Talk Radio Liberals Watch: Always Right

by Brien Jackson

With the budget coming out and some more substantive things in the hopper, I promise I’m going to scale back these type of posts, but this missive from Jane Hamsher is simply too egregious to let go. The matter in question goes back to the run-up to the fiscal responsiblity summit, when a lot of progressives, notably Hamsher and Digby, were absolutely foaming at the idea that the Obama administration was going to cut social security. Someone in the administration talked to Ezra Klein, and told him that social security was not going to be on the table, and that they were going to explicitly argue that healthcare reform was a much more pressing need than anything related to social security, which, coincidentally, is exactly what happened.

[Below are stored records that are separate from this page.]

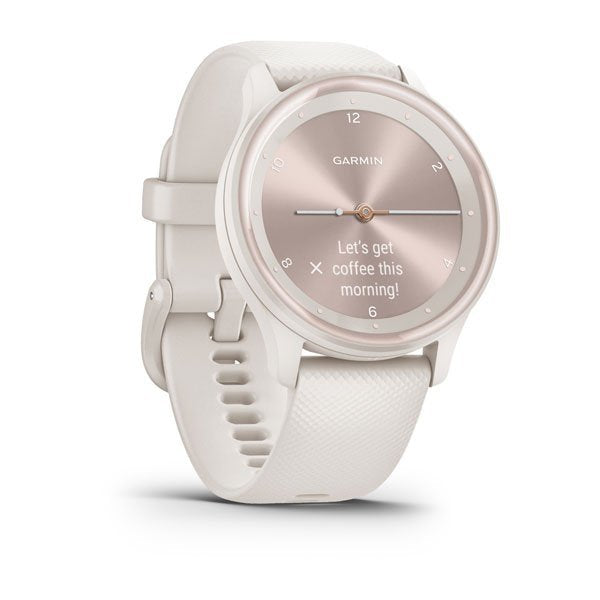 Garmin Vivomove Sport Ivory 010-02566-01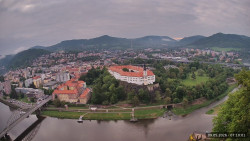 Děčín, Zámek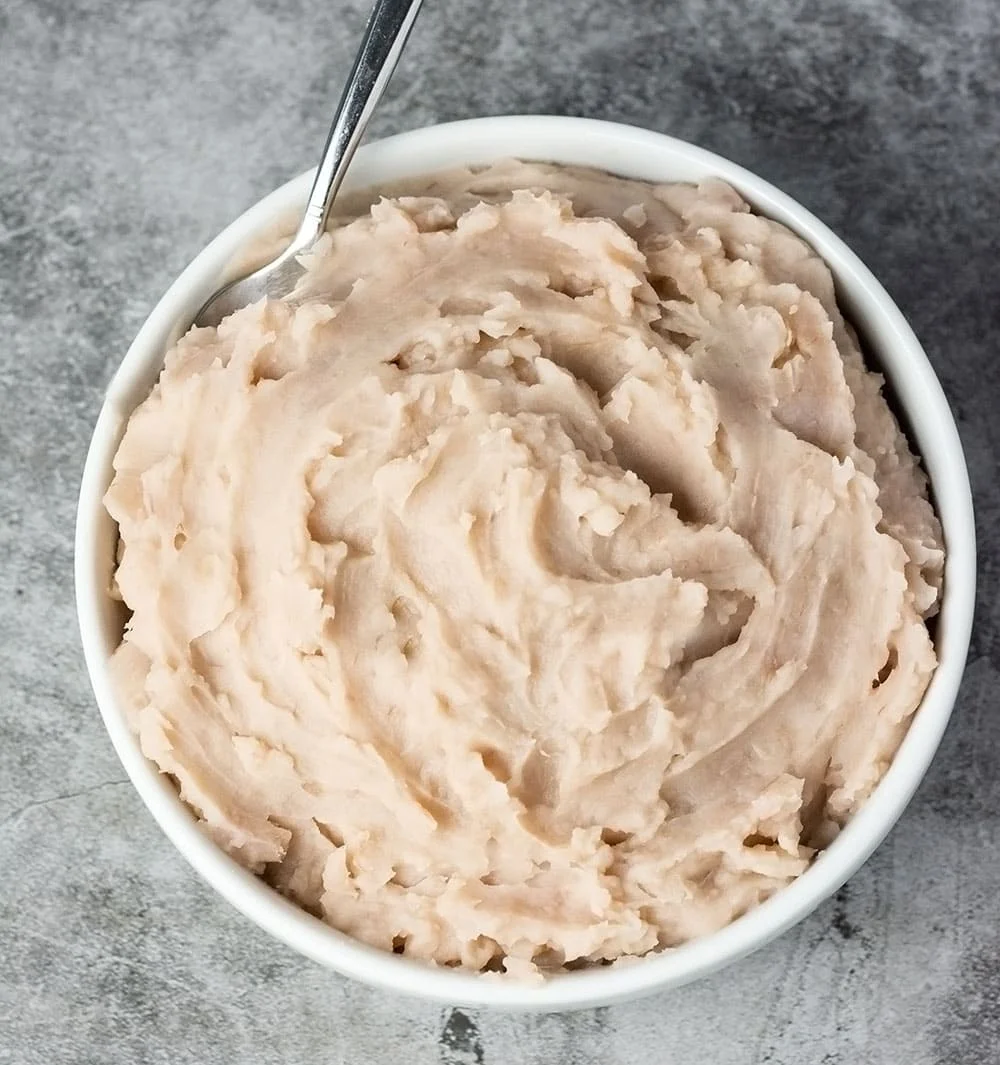 Healthy recipe  Mashed Taro making machine 300 kg/h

Without sugarcoating things, what Hamsher is doing is straight out of Orwell. Ezra’s source was completely accurate, at multiple points, but Hamsher makes multiple references to Ezra being “lied to.” Karl Rove couldn’t pull off that sort of up-is-downism with a straight face. Moreover, Hamsher references a completely unsourced, even anonymously, throwaway line from a New York Times report about Obama’s relationship with labor as evidence that she is really right, which is, obviously, pretty ironic, but also underscores the real point to Hamsher’s post.

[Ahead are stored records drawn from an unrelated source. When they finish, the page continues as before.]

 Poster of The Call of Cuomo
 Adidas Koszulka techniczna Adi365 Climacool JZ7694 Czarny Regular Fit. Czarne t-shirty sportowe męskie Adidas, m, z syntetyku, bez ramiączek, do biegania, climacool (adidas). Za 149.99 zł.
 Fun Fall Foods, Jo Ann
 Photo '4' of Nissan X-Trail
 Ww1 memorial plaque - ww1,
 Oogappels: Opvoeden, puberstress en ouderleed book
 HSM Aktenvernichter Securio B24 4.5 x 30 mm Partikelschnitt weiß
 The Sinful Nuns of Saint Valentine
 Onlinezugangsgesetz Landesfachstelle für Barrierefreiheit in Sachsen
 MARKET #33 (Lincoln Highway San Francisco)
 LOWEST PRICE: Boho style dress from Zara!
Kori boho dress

Hamsher is employing an old right-wing trick, in which the writer is always right, no matter what happens. If it turns out that they’re spectacularly wrong, it’s really just proof that they’re right. Digby, I’m sad to say, has been using the exact same slight of hand to avoid facing up to, well, being completely, loudly, wrong. To wit, most people would look at the discrepancy between what Ezra reported and what Digby/Hamsher were screaming about and conclude that Ezra is well sourced, and Digby/Hamsher were somewhere between wildly inaccurate and slightly paranoid. But, to hear Hamsher and Digby tell it, they were never wrong, rather it was their efforts who forced the administration to change course. So, on top of being right all along, they’re also Very Important People. There’s a word for this; delusional. I like Digby as a writer (Hamsher not so much), but she doesn’t have the political influence to push a local state legislative candidate, let alone to move the White House. I mean c’mon.

I don’t really care much about the anonymous source question (and neither does Hamsher, as she lays bare, she ust picked up Greenwald’s critique to take another shot at Ezra because she’s pissed off he was right). I think Greenwald is being a bit flippant, and doesn’t seem to have considered the fact that the sources can always hang up on the reporter if the latter refuses to grant them anonymity. Or maybe Greenwald thinks that’s a preferrable alternative, although I wouldn’t agree. I also tend to agree with Ezra; there’s no reason to burn a source that’s giving you accurate information. If you feel like you have a source who is routinely lying to you, then yes, you should probably burn them, because that’s a story in its own right. But in this case, not only was Ezra’s source not lying, he wasn’t even mistaken. He was exactly right, something that is understandably a foreign concept to Hamsher.  But what really disturbs me is the reaction. Hamsher’s post has nearly 70 responses, mostly uncritical of her ridiculous post (and glaring contradiction). Ezra’s response has 30 responses at the moment, nearly half of which are critical of him. And again, for posterity’s sake, in the initial question Ezra was right, and Hamsher was spectacularly wrong. But at least in the narrow segment of commentors on the matter, opinion seems to have lined up behind Hamsher anyway. And that’s very troublesome, and makes me question whether the progressive movement will crumble on itself even faster than the conservative movement did.